Reviewer has chosen not to be Anonymous
Overall Impression: Weak
Suggested Decision: Accept
Technical Quality of the paper: Average
Presentation: Weak
Reviewer`s confidence: High
Significance: Moderate significance
Background: Reasonable
Novelty: Limited novelty
Data availability: All used and produced data (if any) are FAIR and openly available in established data repositories
Length of the manuscript: This manuscript is too long for what it presents and should therefore be considerably shortened (below the general length limit)
Summary of paper in a few sentences (summary of changes and improvements for
second round reviews):
The paper reviews existing persistent identifiers, their use and usefulness in the context of the FAIR principles. Based on those findings, it presents a new format that seeks to offer the features of the most successful systems.
Reasons to accept:
Overall, as my answers to the specific questions show, I'd say this is a weak accept. There's some good material in the paper. For example, the text includes comparisons of the longevity of different PIDs and the accuracy with which they lead to the identified thing. That's useful information although the paper would benefit from presenting those details as tables, charts etc.
Reasons to reject:
The paper would benefit from better layout, diagrams etc. and none of the references appear in the text due to poor HTML.
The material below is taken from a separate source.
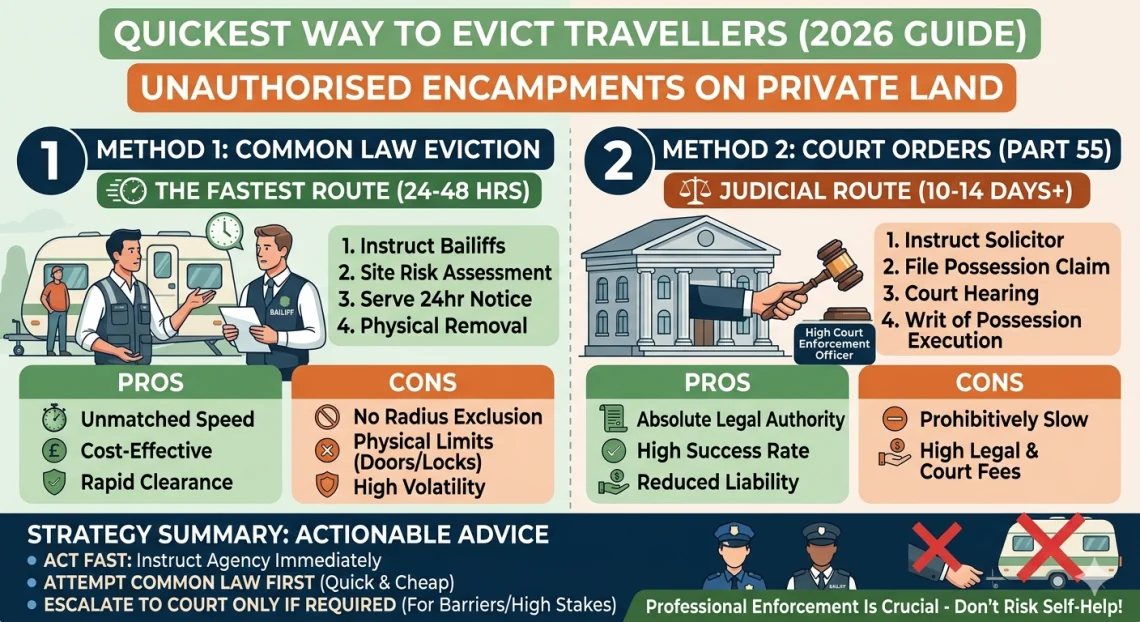 Fast Traveller Eviction process options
More substantive, I'd suggest, is that there's a big dollop of open access/paywall discussion that, for this paper, is irrelevant. In my opinion, this should be removed. The paper is about the discoverability, resolvability and persistence of IDs - stick to that topic and don't go into a discussion of paywalls/access to research etc.
Nanopublication comments:
Further comments:
I'd also suggest a switch around in the order of presentation. The suggested new PID format comes at the end rather than at the beginning: "this paper proposes a new PID structure that addresses a series of issues identified with existing structures" or some such.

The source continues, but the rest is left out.